Here we see a prime example of that rarest of species – a book that is both academic and readable. It makes no concessions on content, yet Kathleen Taylor writes well enough to keep the attention of the interested lay person.
The topic is a controversial one. “Does brainwashing even exist?” is a legitimate question – but you’ll have to read the book to find the answer.
This isn’t a “true crimes”, “revel in real human horror stories” type book, but the first section does contain a few rather unsettling case studies as it reveals examples that could be labelled brainwashing. Taylor is catholic in her coverage, though – as well as explicit attempts to brainwash by totalitarian military regimes you will find religious cults, advertising and even the apparently innocent activity of education.
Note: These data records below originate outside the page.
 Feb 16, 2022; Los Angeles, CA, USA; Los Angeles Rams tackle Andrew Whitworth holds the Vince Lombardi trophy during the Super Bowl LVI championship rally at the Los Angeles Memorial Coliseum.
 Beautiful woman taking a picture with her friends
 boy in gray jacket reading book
The book is in three sections. The first examines the different activities that could be and/or are described as brainwashing, the second examines the brain itself, its surprising fluidity and the different activities and mechanisms that could be the subject of attempts at thought control, and the final section looks at the possible future developments in brainwashing, and whether it is possible to have strategies for resistance.
Few criticisms can be raised here. Surprisingly, one of these might be that Taylor is too scrupulously fair – so a lot of statements are bordered around by qualifications and “excepts” and “despites”, which is honest but breaks up the flow of a good read. It’s also a long book – only around 300 pages, but of tight-packed, smallish text – and for the lay reader she probably goes into too much detail on the workings of the brain. That’s really all that comes between this book and a five star rating.
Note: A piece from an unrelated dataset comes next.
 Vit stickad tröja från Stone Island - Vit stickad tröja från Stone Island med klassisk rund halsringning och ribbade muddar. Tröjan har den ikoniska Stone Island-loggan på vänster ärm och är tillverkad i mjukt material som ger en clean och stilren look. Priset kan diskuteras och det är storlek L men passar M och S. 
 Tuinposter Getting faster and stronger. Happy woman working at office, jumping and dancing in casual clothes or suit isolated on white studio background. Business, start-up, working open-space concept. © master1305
One of the best things about reading Brainwashing is Taylor’s light touch with language – she really does write as if a real person is sharing with you something that fascinates her, and she knows you will be interested in too. It’s a delight. Also Taylor is quite happy to take on some heavyweights for their oversimplifying – you might even say brainwashing – approach in putting across a scientific message. So for example, she points out how Richard Dawkins and Susan Blackmore misinterpret the idea of faith by associating its dangers with religion, thus blundering into blaming religion for most of the world’s woes without considering how totally religion-free inter-human disasters from the Chinese cultural revolution to Nazi Germany have been even more destructive. Taylor isn’t supporting religion, but rather pointing out the over-dependence on simplistic views that is a common feature of brainwashing, and that is being incorrectly used to put down religion here – her standpoint should be obvious, but it takes guts to oppose names like Dawkins and Blackmore.
Altogether a thoughtful, insightful and thoroughly well-written book on a subject that is often mentioned but rarely understood.